A careful reading of the judgments in I.T.T.A.No. 291 of 2013 and other appeals reveals that this Court did not discuss facts of the case, but merely affirmed the order of the Tribunal by following the judgment of Delhi High Court reported in C.I.T. v. Idea Cellular Ltd. 325 ITR 148 DEL, judgment of Kerala High Court in Vodafone Essar Cellular Ltd. v. ACIT 332 ITR 255 Kerala and the judgment of Calcutta in Bharti Cellular v. ACIT 244 CTR 185 Cal. The judgment of this Court in I.T.T.A.No. 291 of 2013 is dated 17.07.2013. Later, the Karnataka High Court, by its judgment dated 14.01.2014, elaborately considered the issue and after analyzing the events in detail, came to a conclusion that Section 194(H) is not attracted to the transactions of the petitioner and similarly situated assessees. It is an admitted fact that the matter is on board before the Supreme Court and listed for hearing on 10.09.2015. Even though this Court had affirmed the order of the Tribunal holding that there is no question of law which is required to be considered, the fact remains that the appeals are pending before the Supreme Court against the judgments delivered by this Court in I.T.T.A.Nos.291, 313 and 314 of 2013. It is also brought to the notice of this Court that the Supreme Court itself, by its orders dated 24.01.2011 in S.L.P.Nos.36446- 36453 of 2010 and dated 23.08.2011 in S.L.P.No.22317 of 2011, directed that no coercive steps for recovery shall be taken. In other words, the issue is highly debatable and the matter is set for hearing.
Considering all these aspects and in the interest of justice, we are of the opinion that the 1st respondent- Deputy Commissioner ought to have exercised discretion as enjoined on him under Section 220(6) of the Act and granted stay.

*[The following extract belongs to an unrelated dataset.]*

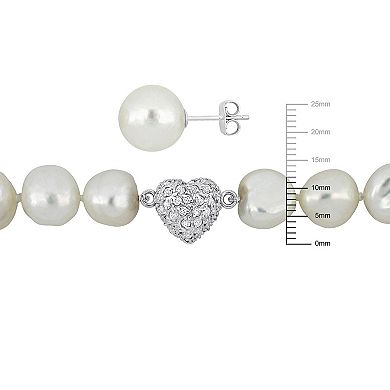 Stella Grace Freshwater Cultured Pearl & Cubic Zirconia Necklace & Stud Earrings Set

Inasmuch as the matter is ripe for hearing before the Supreme Court on 10.09.2015, this Court, instead of setting aside the impugned order and remanding the matter back for fresh consideration, deems it appropriate to dispose of the writ petitions with the following direction:
“The 1st respondent – Deputy Commissioner of Income-tax, TDS Circle, is directed not to take any coercive steps for recovery of the total disputed tax demand of Rs. 17,42,97,709/- for the assessment years from 2010-2011 to 2014-2015 subject to the condition that the petitioner deposits 40% of the demanded amount. Out of 40%, the petitioner shall pay 20% within a period of two weeks from the date of receipt of a copy of this order and remaining 20% shall be paid within a period of four weeks thereafter.”
With the above direction, these writ petitions are disposed of. No order as to costs.
As a sequel to disposal of the writ petitions, Miscellaneous Petitions, if any pending, shall stand disposed of as infructuous.